• [INFORMATION]
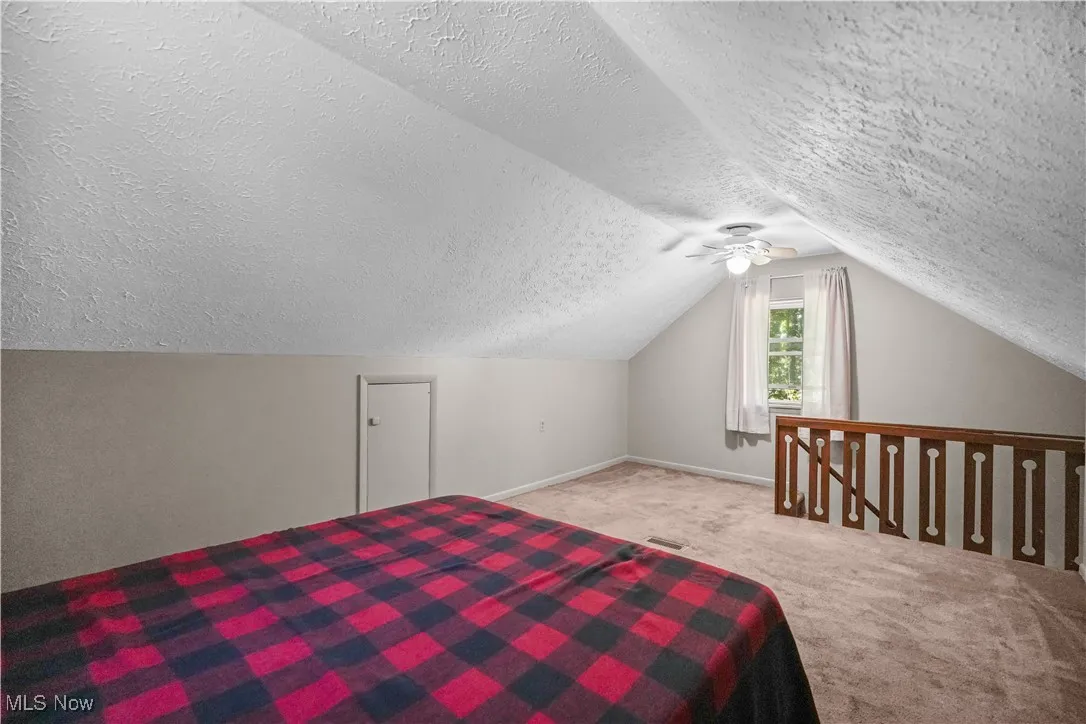 Unfurnished bedroom with carpet, ceiling fan, lofted ceiling, and a textured ceiling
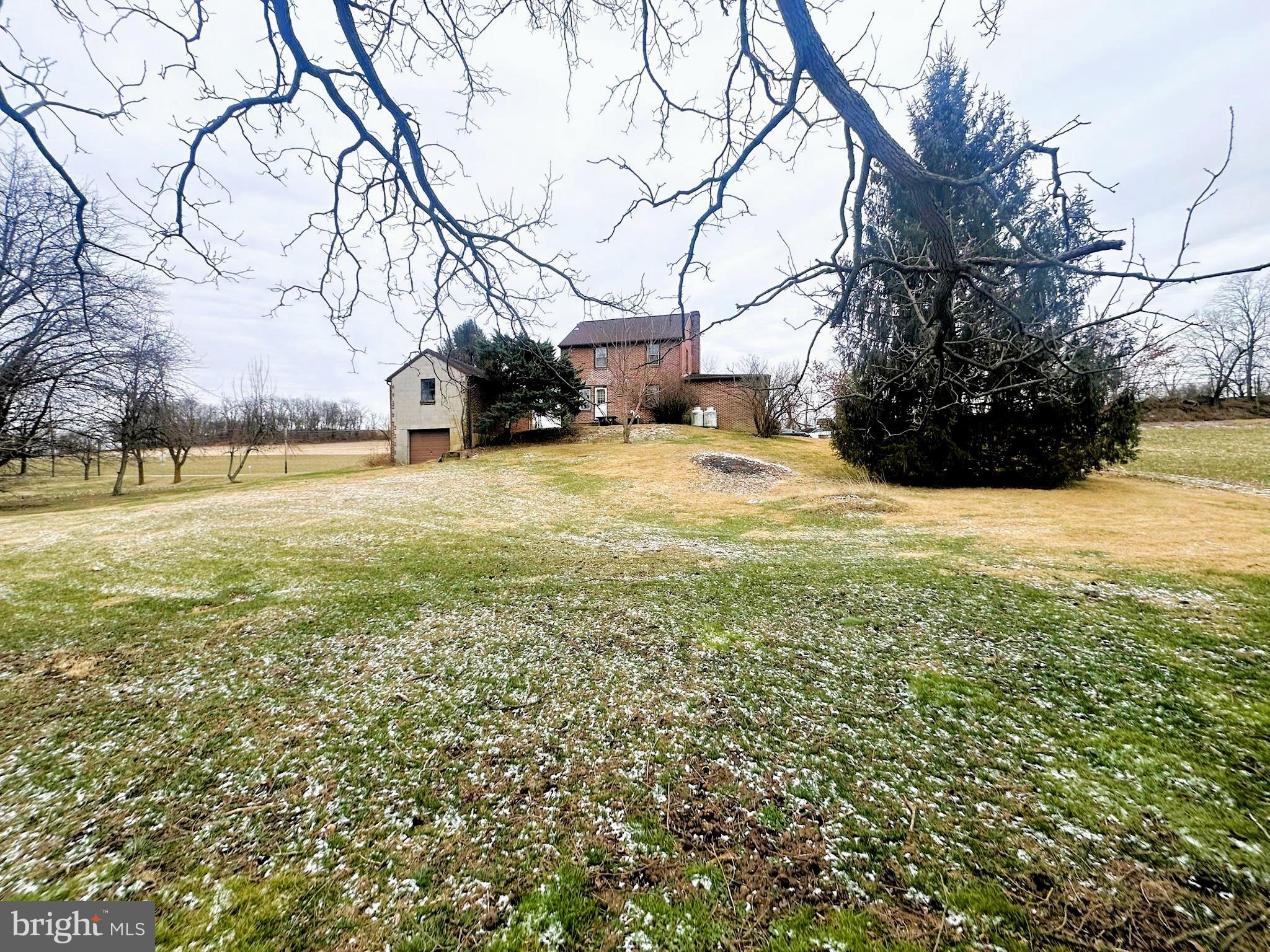 6751 York Road Spring Grove, PA 17362 - Photo 5 of 50 a view of a yard with a house and large trees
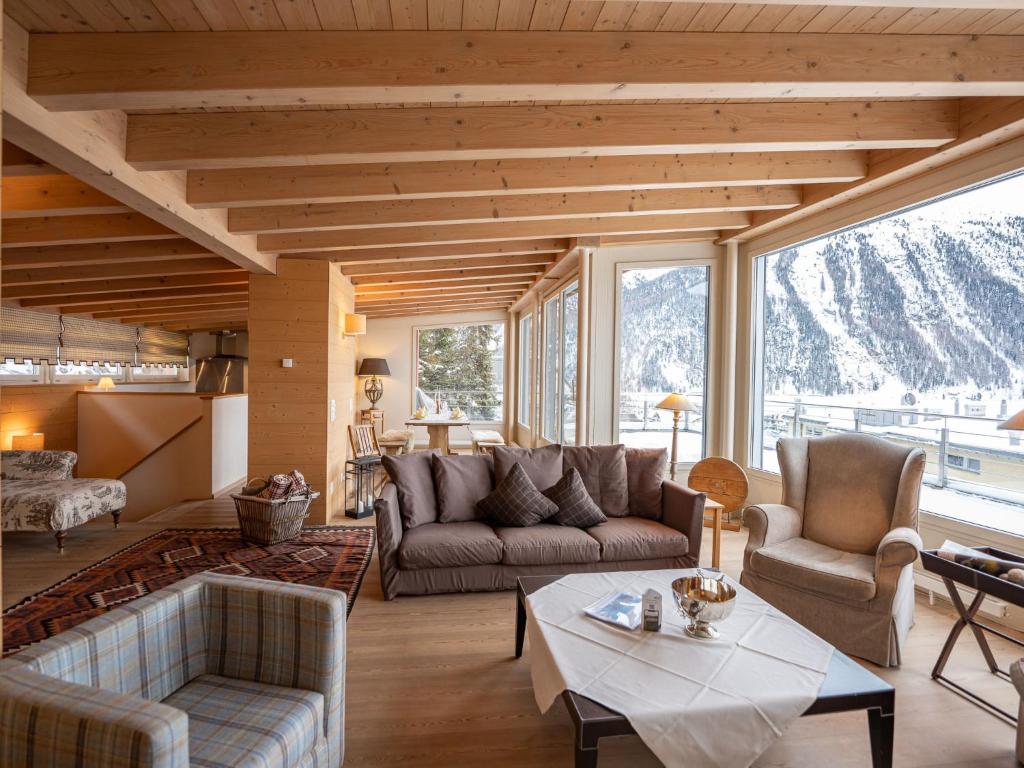 a living room with a couch and a table at Apartment Chesa Crusch 7 by Interhome in Samedan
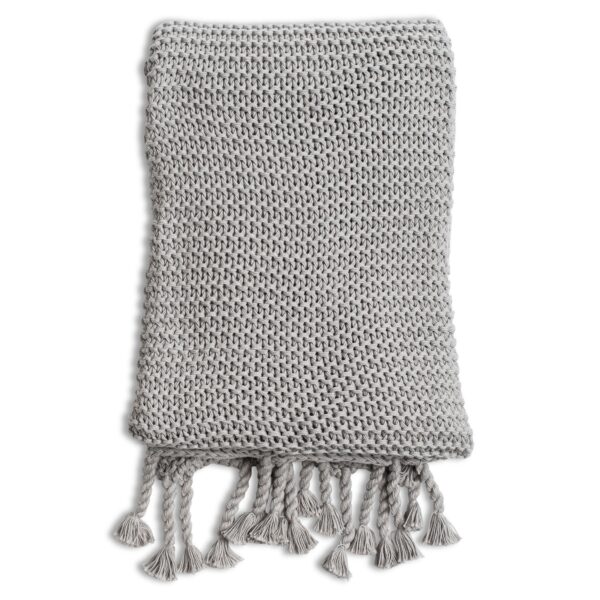 The knitted throw by Zestt Organics is shown folded up, displaying details of its large knitted gauge and beautiful twisted tassels.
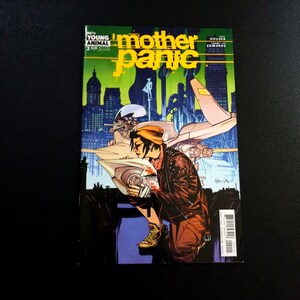 May include: A comic book cover for "Mother Panic" features a figure in a brown jacket and orange beanie, holding a cup. The title is in yellow, with a cityscape background. The DC Young Animal logo is visible.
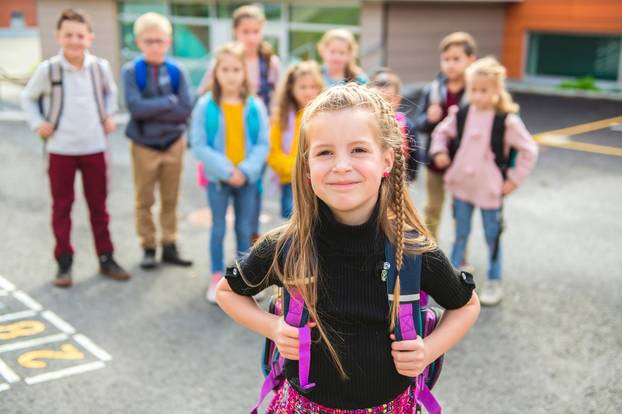 A schoolgirl standing with other student on the back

• [WORK TASK]
Please output the lines of the records above from the one with "May include: A" through the last, exactly as they appear and with both ends included; skip any pictures and add nothing.

• [REPLY]
 May include: A comic book cover for "Mother Panic" features a figure in a brown jacket and orange beanie, holding a cup. The title is in yellow, with a cityscape background. The DC Young Animal logo is visible.
 A schoolgirl standing with other student on the back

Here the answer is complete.